Here is my latest lesson, a few more shots.






















I really like messing with the bristlenose cats they are easy & fun to watch.


----------



## paradise (Jan 13, 2006)

Bristles think you may enjoy this if you like bristlenose catfish. To judge the size, the pebbles are reg. Aquasoil.


----------



## bristles (Mar 7, 2006)

You are right Ed, I do like that very much  . Are you breeding them now ? that little rascal can't have been out of the cave for very long.


----------



## paradise (Jan 13, 2006)

Well, I got the whole family, father, 3 mothers, and a dozen babies from a friend who was moving out of town.
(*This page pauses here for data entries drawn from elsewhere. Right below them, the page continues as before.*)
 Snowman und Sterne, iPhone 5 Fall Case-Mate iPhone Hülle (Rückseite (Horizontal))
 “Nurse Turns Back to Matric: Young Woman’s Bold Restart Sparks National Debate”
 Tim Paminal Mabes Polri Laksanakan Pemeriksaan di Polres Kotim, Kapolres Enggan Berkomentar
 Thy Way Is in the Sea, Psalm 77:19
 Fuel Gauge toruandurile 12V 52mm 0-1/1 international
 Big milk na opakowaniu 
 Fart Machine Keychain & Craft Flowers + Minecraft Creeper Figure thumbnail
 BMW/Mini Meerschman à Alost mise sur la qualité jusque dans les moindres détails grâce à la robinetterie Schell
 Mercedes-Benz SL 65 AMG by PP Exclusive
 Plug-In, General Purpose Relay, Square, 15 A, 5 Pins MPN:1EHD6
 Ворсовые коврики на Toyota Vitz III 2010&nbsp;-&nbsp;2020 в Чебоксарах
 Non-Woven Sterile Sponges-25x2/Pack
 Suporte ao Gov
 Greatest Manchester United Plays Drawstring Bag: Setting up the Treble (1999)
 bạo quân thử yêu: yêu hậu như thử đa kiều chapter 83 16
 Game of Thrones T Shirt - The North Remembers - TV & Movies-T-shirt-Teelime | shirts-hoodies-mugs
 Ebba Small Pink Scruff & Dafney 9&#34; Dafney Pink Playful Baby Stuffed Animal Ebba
I put the big ones into the 180g, hoping to see them do something, it's full of black lava rock, so maybe tons of caves in there, but have not seen anything yet. The babies are in the 75cm ADA tank, and are VERY slow growers.


----------



## bristles (Mar 7, 2006)

You have a good friend, quite a nice parting gift. I bet if you put a coconut shell cave (usually in the reptile section at LFS) in a corner you would get spawning, thats the perfect combo 1 male 3 females. I've seen pics of your 180 those ancistrus most be very happy. Do you give them any veggies ? mine love slices of raw zucchini.


----------



## milalic (Aug 26, 2005)

Very nice. That is small.


----------



## paradise (Jan 13, 2006)

bristles said:


> Do you give them any veggies ? mine love slices of raw zucchini.


Well, the tank has like 30 cories, so the slow plecos would not have a chance. That tank gets fed pretty well, so they get their share, they are fat  I dont worry about breeding. Used to breed cichlids, big mean fish, since then I just dont worry about breeding.


----------



## bristles (Mar 7, 2006)

Just a few more veiws of my little ones


----------



## Raul-7 (Feb 4, 2004)

Great job. They look really healthy and growing. I assume the larger ones are from an earlier batch? How often do yours breed?


----------



## Suikei (May 5, 2007)

Wow those babies are cute!!! <3

I have the strange urge to hug them, like in finding nemo where Dory is like, "I will call him my squishy and he will be mine." Anyway, awesome shot. Makes me more attracted to breeding fish. :nod:


----------



## bristles (Mar 7, 2006)

There are 3 batch's in this tank, they spawn about every 4-5 weeks.


----------